# Router Adjustable Dado Jig



## Barry_White (Sep 10, 2004)

This is my first post on the forum

This is some pics of the Router Adjustable Dado Jig I have just made. 

To do dados I have been mounting the Triton Router Table on the Trion 2000 saw bench and measuring from the fence to get the right width of the dado but this has been a bit of a pain.

With this jig which is 900mm long is just a matter of putting the board into the slot and bring the movable side up to the board and tighten the knob and this gives you the exact width of the dado, you then line up the fixed side of the jig to a line drawn on the work piece and clamp the jig to it.

It is then just a matter of setting your router to the right depth and the router runs up against the guides on each side of the jig.

I set it up to use a 12mm router bit using the Triton Router.

The design came from Woodsmith Custom Woodworking, Shop Built Jigs and Fixtures.

This first pic is of the back of the jig and the second is of the front.

The plan said to make it from ¼" Masonite (Hardboard) with the base made of two layers contact glued together with a single layer for the guide. I decided it was easir to make it from 12mm and 6mm MDF with the ends made from a bit of Meranti.


----------



## reible (Sep 10, 2004)

Welcome!

It looks good to me! Nice job.

Now what is Meranti?

Ed


----------



## Barry_White (Sep 10, 2004)

Thanks for the compliments Ed. 

Meranti is a Malaysian plantation timber. It ranges from soft to semi-hard and buff coloured to red. It is used quite extensively here in Australia for finishing out in houses for architraves etc.

Has been used here for over fifty years and when I was an apprentice pattermaker we used to use a bit of it in patterns.


----------



## Mike (Nov 22, 2004)

Barry, I had to go look up *architrave*. I don't know how often it will enter into my conversations. I have always heard finish trim, casement, even just plain door or window moldings.
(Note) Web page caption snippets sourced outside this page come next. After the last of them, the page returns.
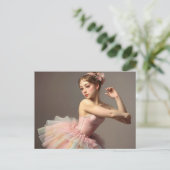 Hermosa bailarina romántica con dulces colores postkarte (Stehend Vorderseite)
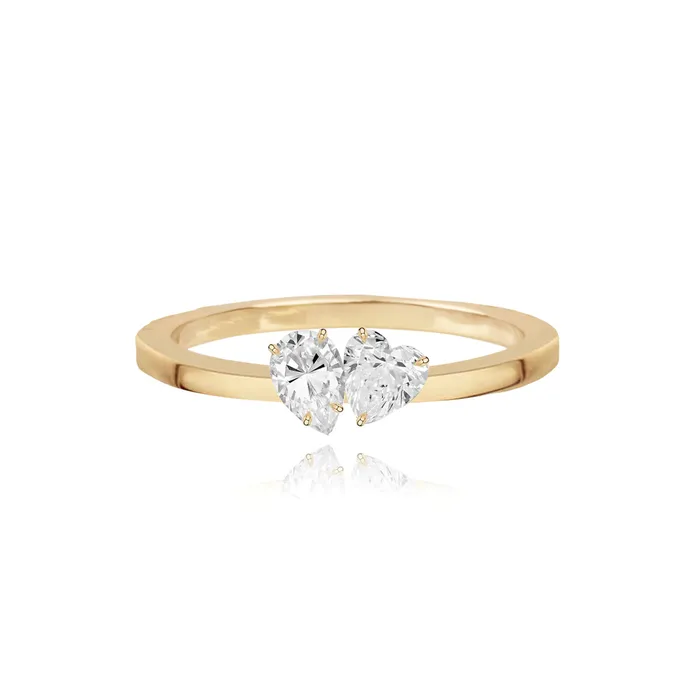 Rings TwoDiamonds Gold Ring Alev Jewelry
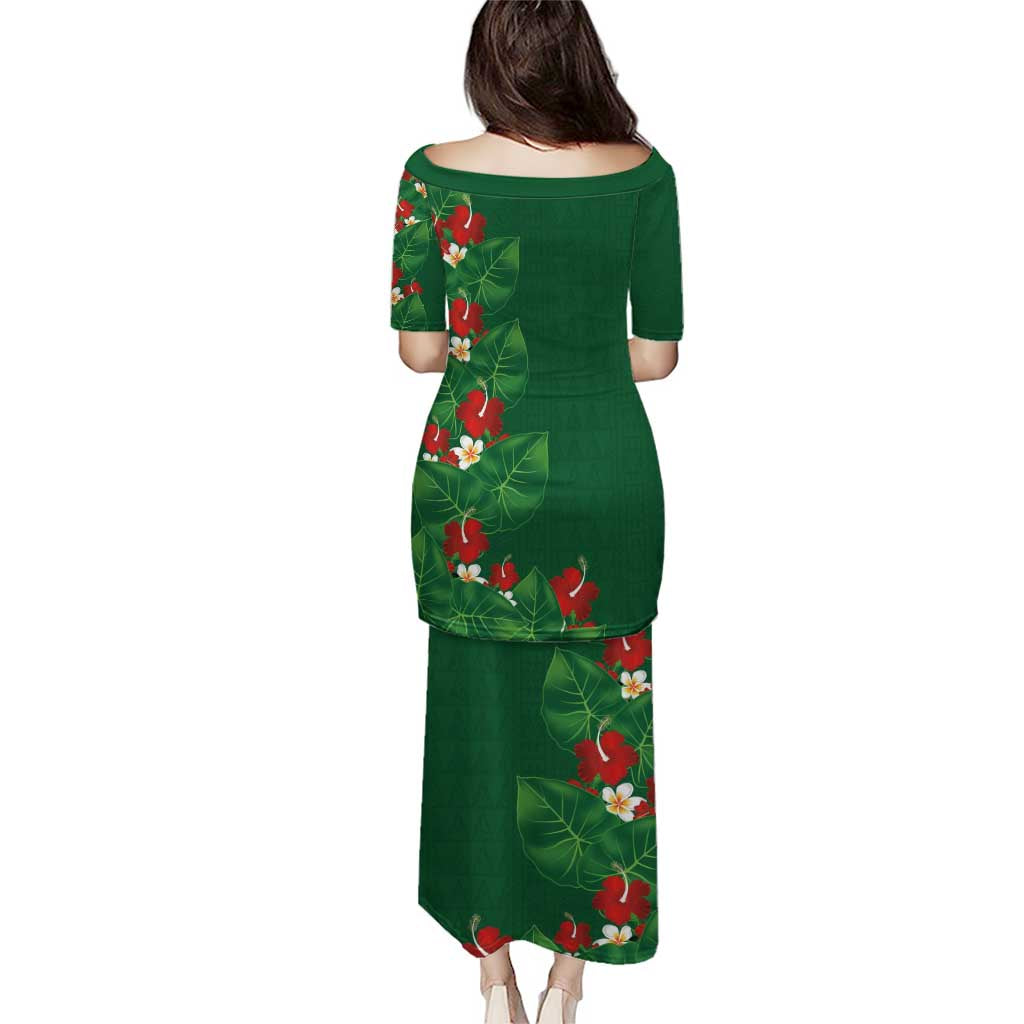 Hawaiian Taro Leaves-Hibiscus and Plumeria Puletasi Polynesian Art-Kakau Tattoo Green LT03 - Polynesian Pride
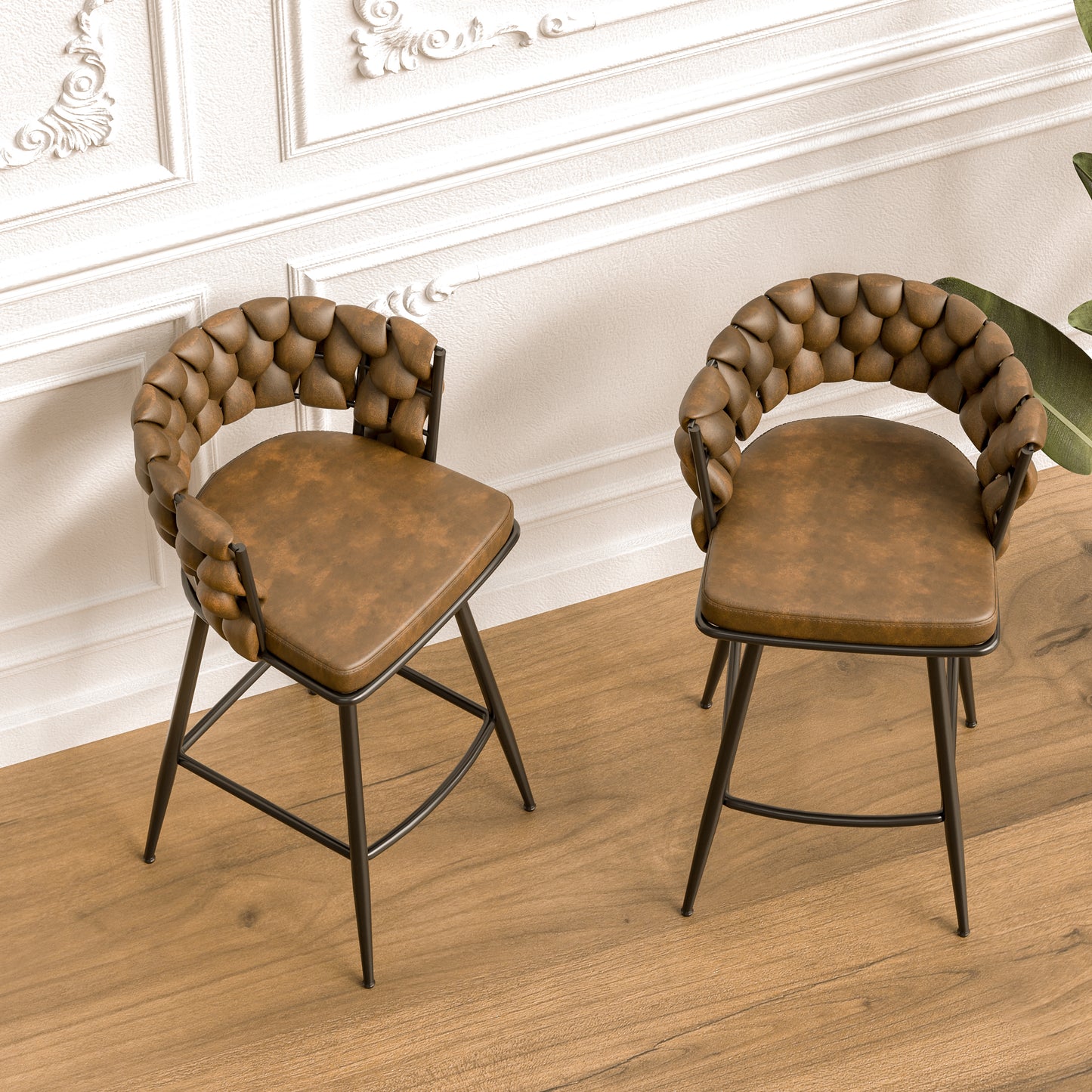 Millington- Set of 2 - 25" Woven Leather Counter Stools with 360° Swivel, Brown & Black Finish, Upholstered Technical Leather, Sturdy Metal Base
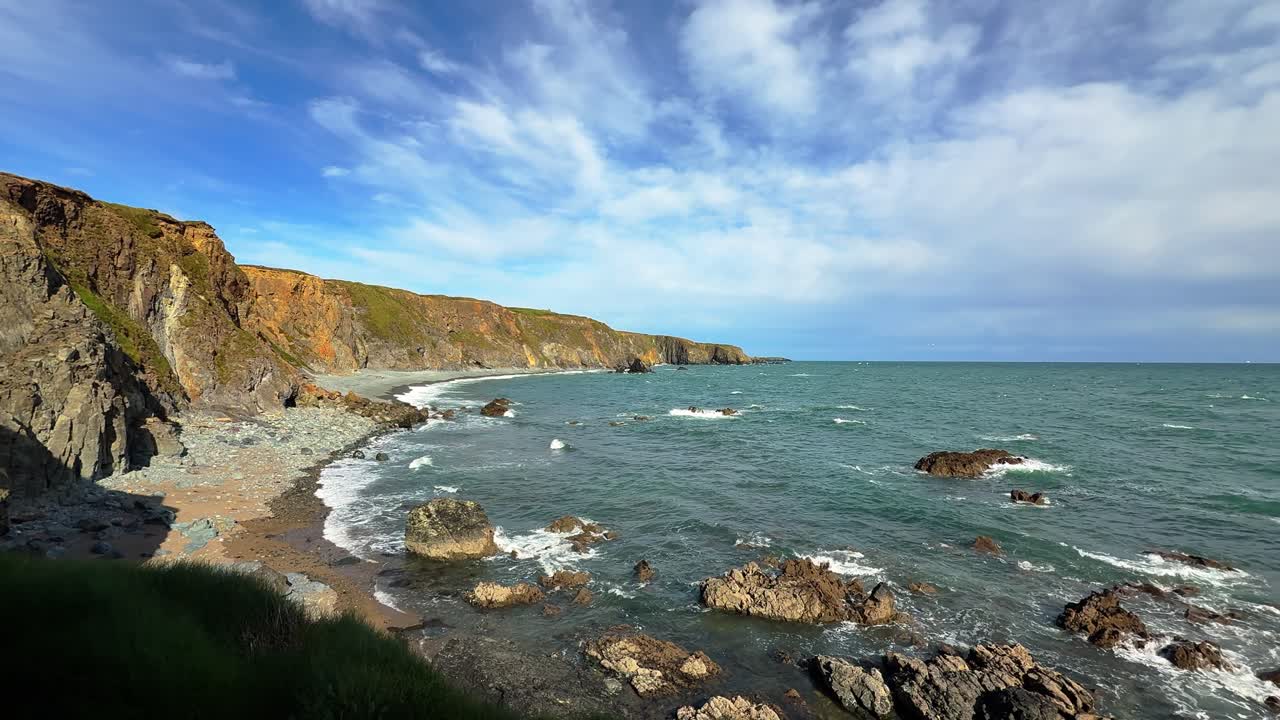 Irish seascapes the rugged coast of Waterford fragile loose cliffs eroded by winter storms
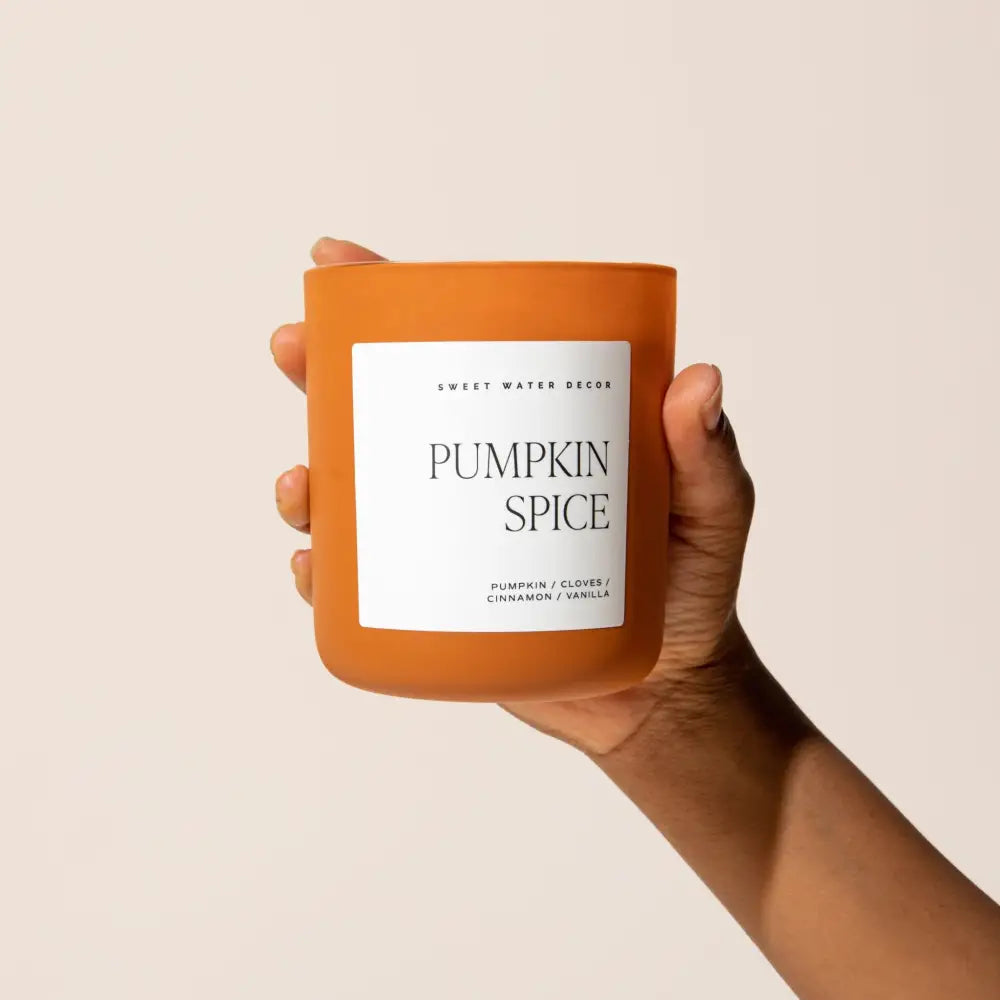 Pumpkin Spice Soy Candle - Orange Matte Jar - 15 oz - Sweet Water Decor
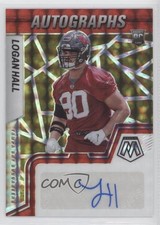 2022 Panini Mosaic Rookie Choice Fusion Red & Yellow Prizm Logan Hall Auto v9t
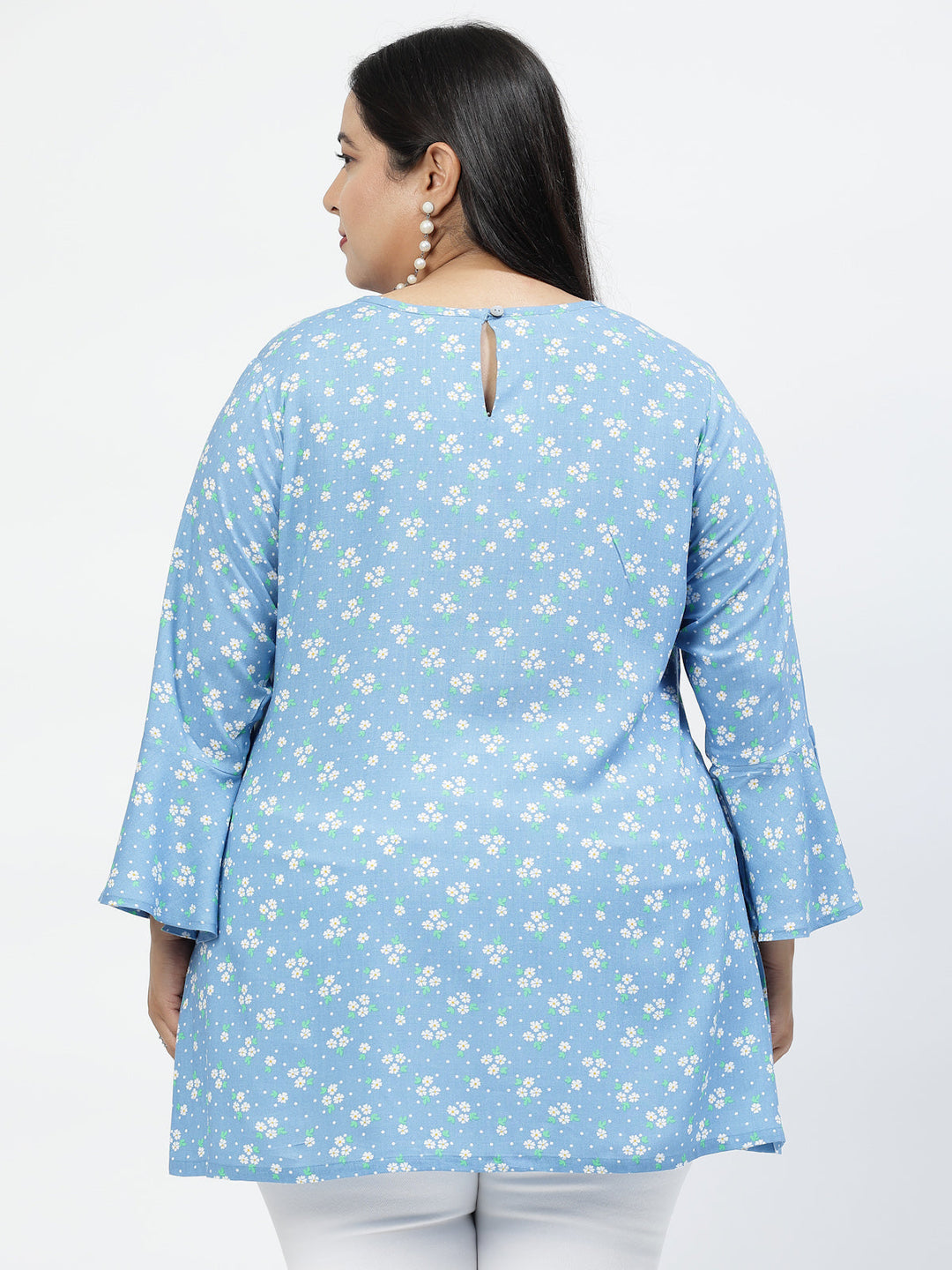 Plus Size Floral Print Bell Sleeve Longline Top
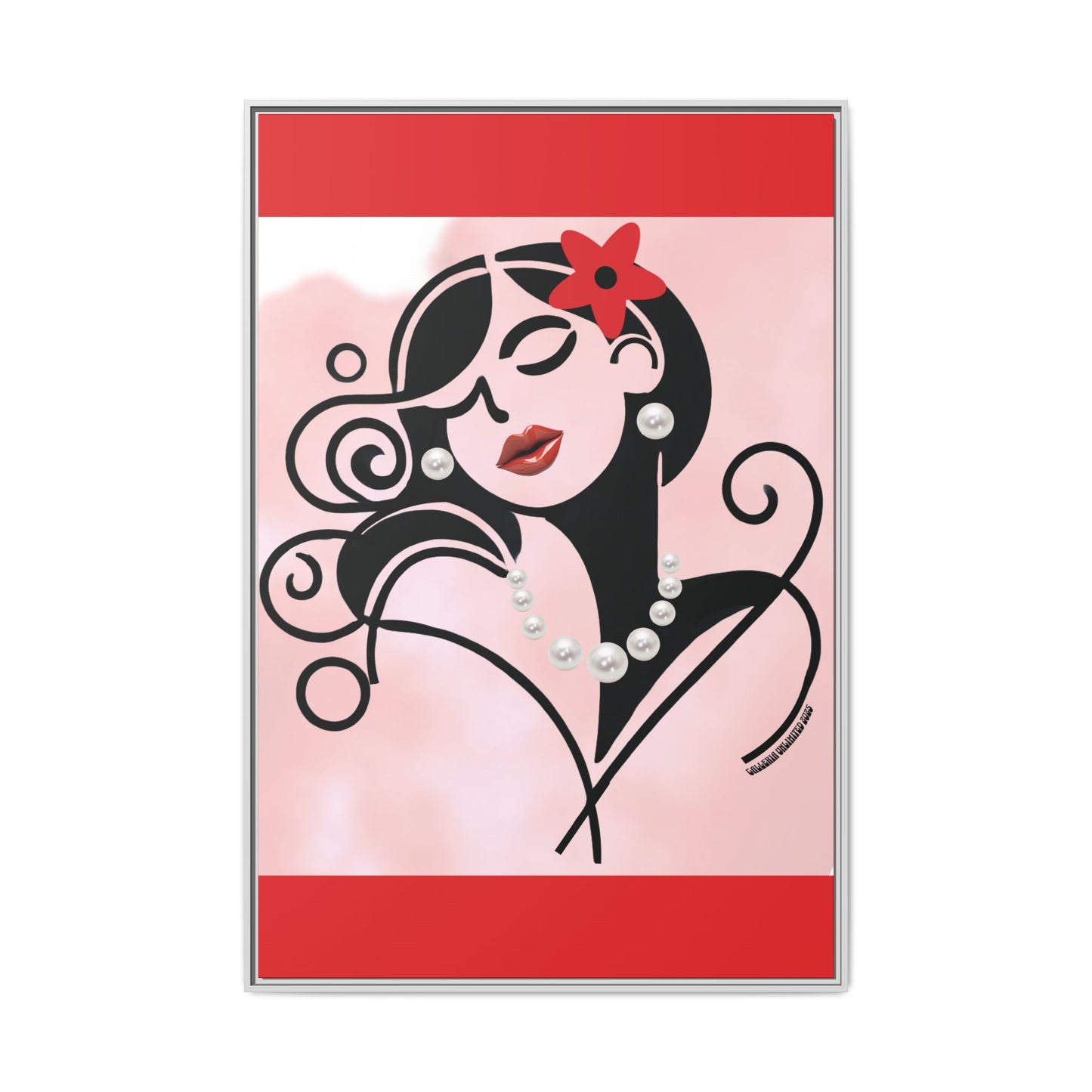 Pearls & Curls4 | Scarlet Kiss - Framed Matte Canvas Art (black or white frame)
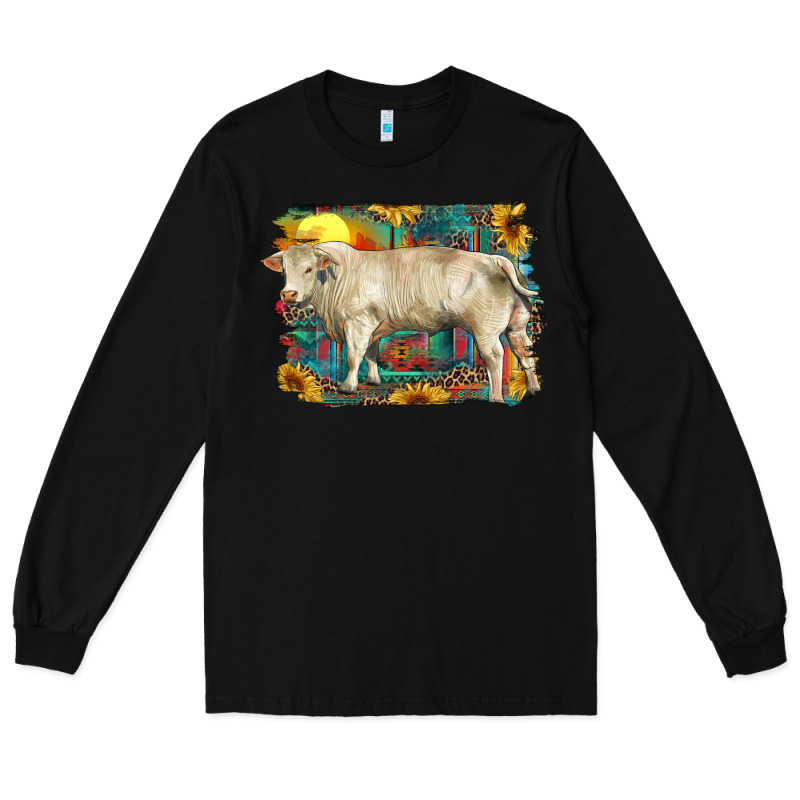 Western Charolais Bull And Aztec Sunflower Background Long Sleeve Tee by RanaPortraitStore | Teevron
But hey, I try to learn something new every day.
Something you might do is make a list of the woods you use with pictures. Most of us are in North America and are clueless to the species you guys have to work with.
Nice job on the jig. Woodsmith makes some of my favorite plans. Keep up the good work and G'day!


----------



## paulcomi (Sep 12, 2004)

*thanks for posting*



Barry_White said:


> This is my first post on the forum
> 
> This is some pics of the Router Adjustable Dado Jig I have just made.
> 
> ...


I haven't been on this forum for quite a while and was searching around tonite for an efficient way to make dado's without going through the trouble of a stacked dado set in the table saw. Thanks for posting. I'm going to make one of these this week for sure.


----------



## felvo (Mar 19, 2010)

Just found this post, am going to knock one up myself this weekend. Would it be possibly to incorporate a distance between dados stop? Will have a play and post pics if successful


----------



## jschaben (Jun 21, 2009)

felvo said:


> Just found this post, am going to knock one up myself this weekend. Would it be possibly to incorporate a distance between dados stop? Will have a play and post pics if successful


Hi felvo - Welcome to the forum.
I should point out that this thread is about 5 years old
No matter, still a good topic. 
I guess I don't understand your question. Do you want to stop the dado at a certain point or are you looking for a way to index the jig for the next dado?
I have made a couple of those jigs that you are referring to and wasn't all that satisfied. Since it uses the router base to guide against, you must use the same router each time you use the jig. That, and to be absolutely accurate, you should mark the base and maintain that orientation to the jig as the bit may or may not be centered on the base. 
A few fairly simple modifications will allow you to use a guide bushing which eliminates both issues.


----------



## Dr.Zook (Sep 10, 2004)

Hello and welcome to the RouterForums felvo. Glad to have you aboard.


----------



## allthunbs (Jun 22, 2008)

Dr.Zook said:


> Hello and welcome to the RouterForums felvo. Glad to have you aboard.


Dave:

Do you read _every_ post made on these fora? By the way, your byline shouldn't be "forum contributor" but should be "semi-retired official greeter." Thanks for all your greetings.


----------



## istracpsboss (Sep 14, 2008)

Mike said:


> Barry, I had to go look up *architrave*. I don't know how often it will enter into my conversations. I have always heard finish trim, casement, even just plain door or window moldings. But hey, I try to learn something new every day.
> Something you might do is make a list of the woods you use with pictures. Most of us are in North America and are clueless to the species you guys have to work with.
> Nice job on the jig. Woodsmith makes some of my favorite plans. Keep up the good work and G'day!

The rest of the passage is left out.